3. Minimum and Maximum FLOPS:
- Variables: {min_flops} and {max_flops}
- Definition: These values represent the lowest and highest FLOPS utilized among all submitted models in the competition. They are used to normalize the FLOPS utilized by each model.
- Role in the Formula: The normalization ensures that the efficiency penalty is scaled relative to the range of FLOPS used by all participants. Models closer to the minimum FLOPS will receive a smaller penalty, positively contributing to their final score.
How the Formula Works:
- Accuracy Contribution: The score starts by multiplying the accuracy (PCK) by 0.8, reflecting the model's effectiveness in correctly detecting keypoints.

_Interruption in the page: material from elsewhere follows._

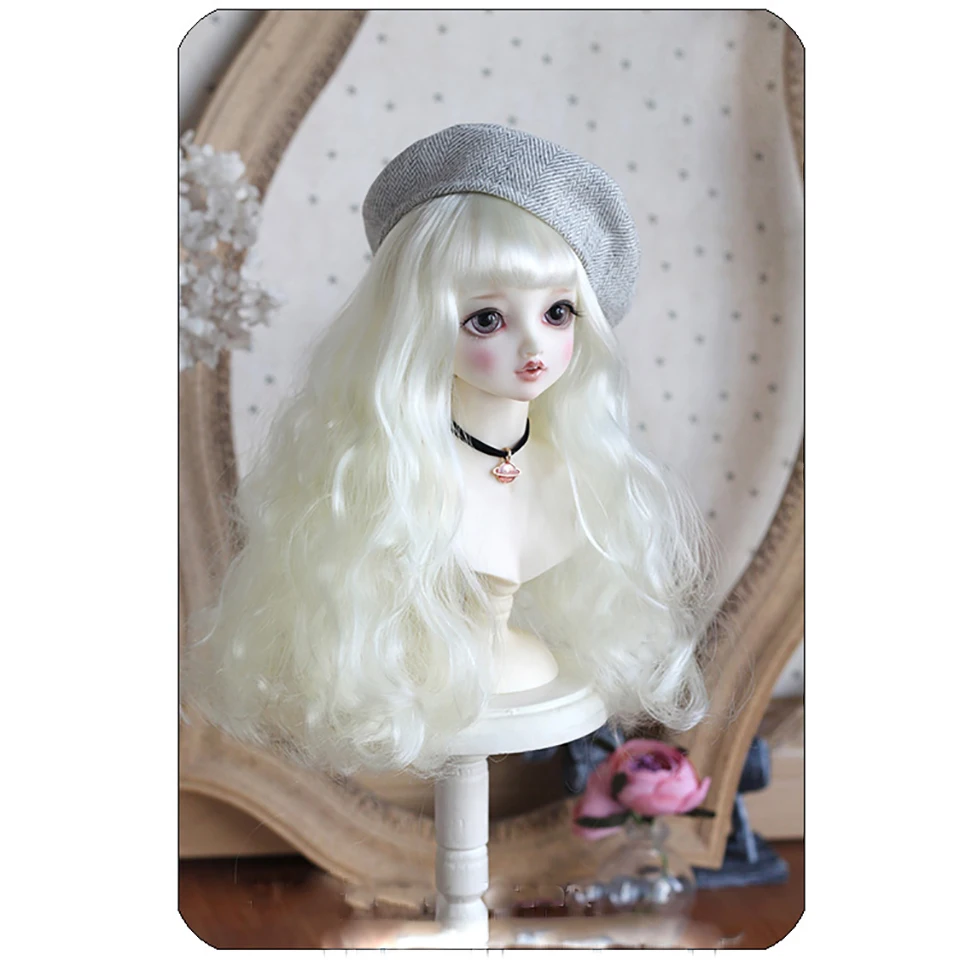 Allaosify bjd волосы 1/3 1/4 BJD Кукла Высокая температура парик девушки длинные вьющиеся парики SD BJD парик 3 цвета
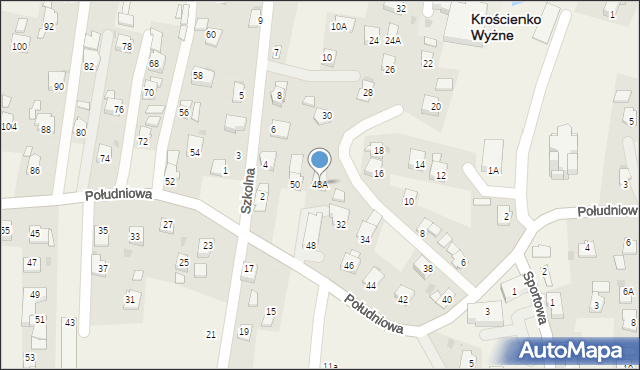 Krościenko Wyżne, Południowa, 48A, mapa Krościenko Wyżne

- Efficiency Contribution: The efficiency term is calculated next. The formula starts with a value of 0, representing perfect efficiency. The more FLOPS your model uses relative to others, the more this value is reduced, which decreases the final score.
- Final Score: The final score is a weighted sum of the accuracy and efficiency components. A model with high PCK and low FLOPS usage will score highly, promoting both high accuracy and computational efficiency.
Summary:
- The PCK (Percentage of Correct Keypoints) is a critical measure of the model's accuracy in detecting keypoints. It is calculated by determining how many keypoints are correctly predicted within a set distance from the ground truth.
- The FLOPS utilized directly impacts the score by penalizing models that are more computationally demanding, encouraging the development of efficient models.
This scoring formula incentivizes the creation of models that balance high accuracy with low computational cost, fostering innovation in sustainable AI development.